I met the band the day before KISS played a rare one-off club show at the 800-capacity Islington Academy ("It's in a shopping mall? That's perfect for KISS!" said Simmons on being given the news of the venue's inauspicious location). On that north London stage, even from 20-feet away, the band look and sound utterly indistinguishable from their 1977 manifestation. No other band has aged so invisibly. The show is fantastic.

At least, the fans think it is fantastic. Critics have always been ambivalent at best, openly hostile more often. Doesn't that ever hurt, even a bit? "I'd rather know what 20,000 paying members of the audience think than one guy who may have his own reasons for liking or disliking us,' says Stanley. "Some of the most vehement negative reactions we've had should probably be worked off on a psychiatrist's couch, y'know? C'mon, we're just KISS, folks..."

Simmons answers the same question, typically, by pointing out the compensations of rock stardom, the perks not shared by those of us who only get to write about rock stardom: "Look, the Pope doesn't get groupies for Godssakes... I'm 60 and I can walk down the street and still... [a sweeping gesture of the arm to indicate the passing high-class totty of Charlotte Street] anything that moves. And if it doesn't move, we can work something out. What other job gives you that?"
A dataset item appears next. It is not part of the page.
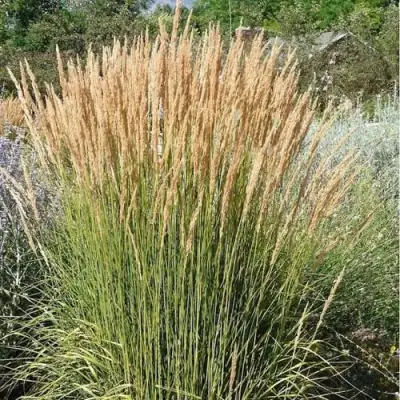 Вейник АВАЛАНШ остроцветковый в Барановичах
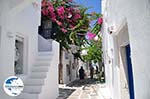 GriechenlandWeb Naoussa Paros - Foto GriechenlandWeb.de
Critics be damned, then. But with another huge arena tour about to kick off, can a band whose appeal lies so much in the physicality of the live show, perform like the KISS of 30 years ago?

"When we're on stage today," says Stanley, "we have to be not as we were, but as people remember us. When we first put together a show for the reunion tour [in 1995], we had to put together a show on a scale bigger than ever before, because that's how people remembered us." Because people expected the pyromaniac's wet dream that was the gatefold photo of the classic Alive II album? "Yeah, but if you look at that photo, there's only about a hundred lights - there's nothing up there. We did that photo during a sound check in San Diego. We went up on the lifts and they set everything off, every bomb, every pyro effect we had. So, did that ever happen in the show? No. But it's what people think they remember. And that's what we have to deliver every night."

But, as Stanley admits, the physical preparations for a tour are harder now he and Simmons are closing in on pensionable age. Both look fantastically fit up close, but there must be a temptation to call it a day, lie back, play with the kids, get fat, spend the money? "Y'know," says Simmons, "I could buy jewellery, watches, all that stuff. Do you see any of that on me? No. I'm having such a ball just being Gene Simmons. And… I'm my own biggest fan."

Kiss play Wembley Arena on 12 & 13 May.